*** Opening Supplied material ***

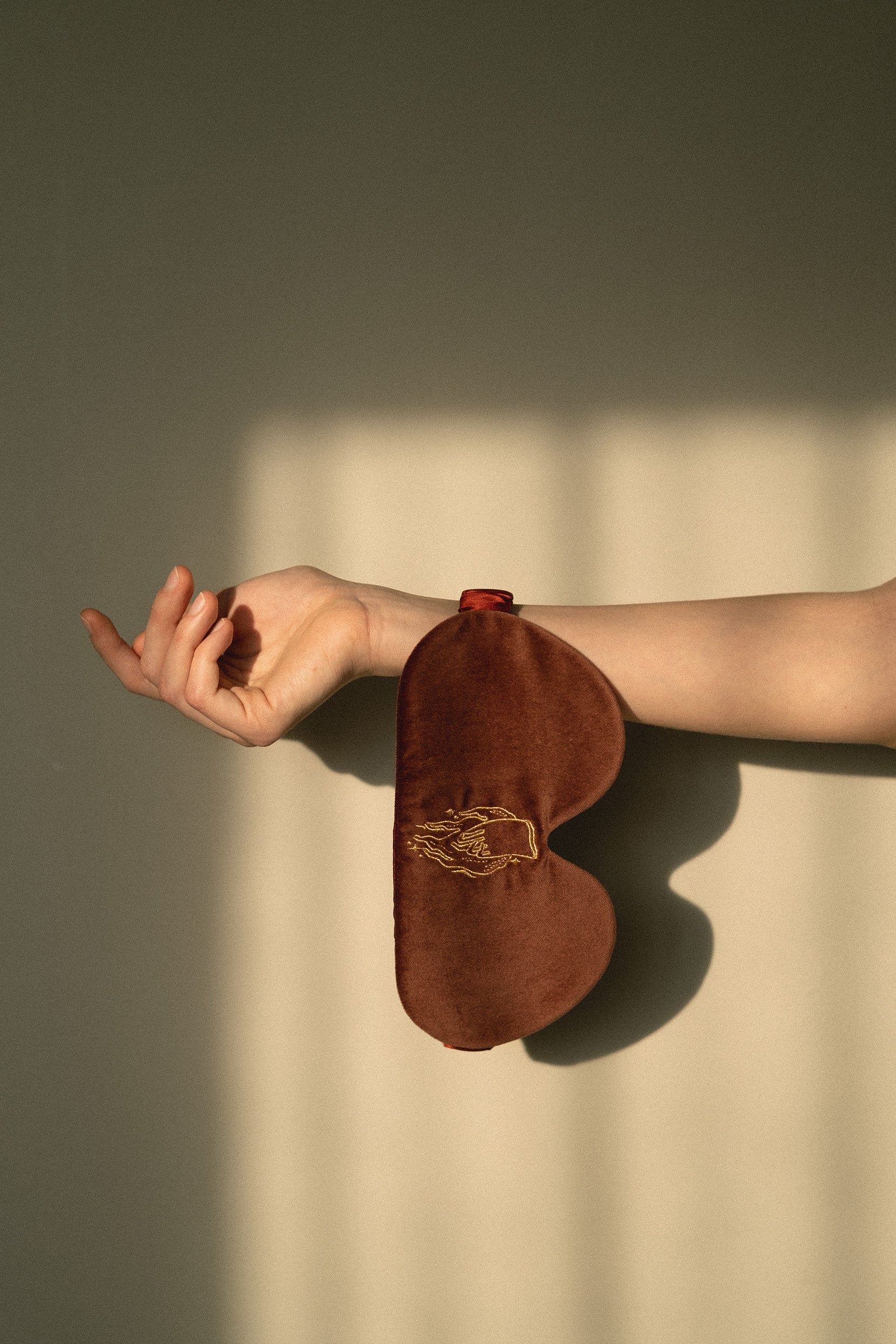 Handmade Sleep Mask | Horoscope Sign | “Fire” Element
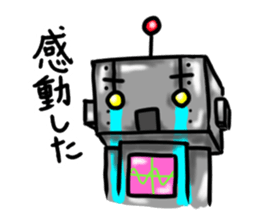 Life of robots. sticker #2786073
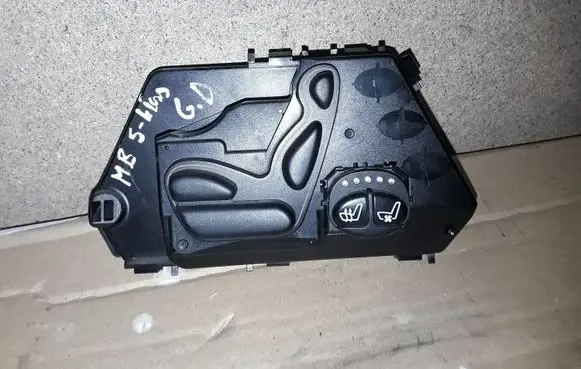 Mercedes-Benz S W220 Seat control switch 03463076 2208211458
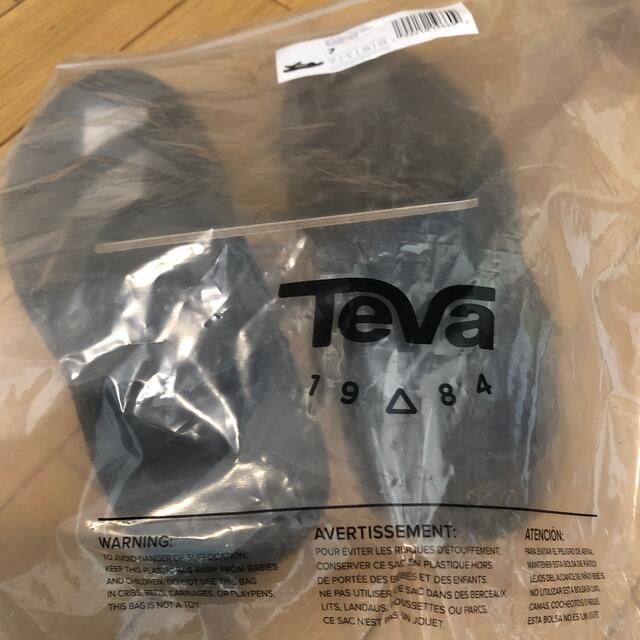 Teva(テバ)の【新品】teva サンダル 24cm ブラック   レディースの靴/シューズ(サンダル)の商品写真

*** Closing Supplied material ***

--- What this task involves ---
Write out the listing above in full, word for word, with no pictures.

--- Solution for this problem ---
 Handmade Sleep Mask | Horoscope Sign | “Fire” Element
 Life of robots. sticker #2786073
 Mercedes-Benz S W220 Seat control switch 03463076 2208211458
 Teva(テバ)の【新品】teva サンダル 24cm ブラック   レディースの靴/シューズ(サンダル)の商品写真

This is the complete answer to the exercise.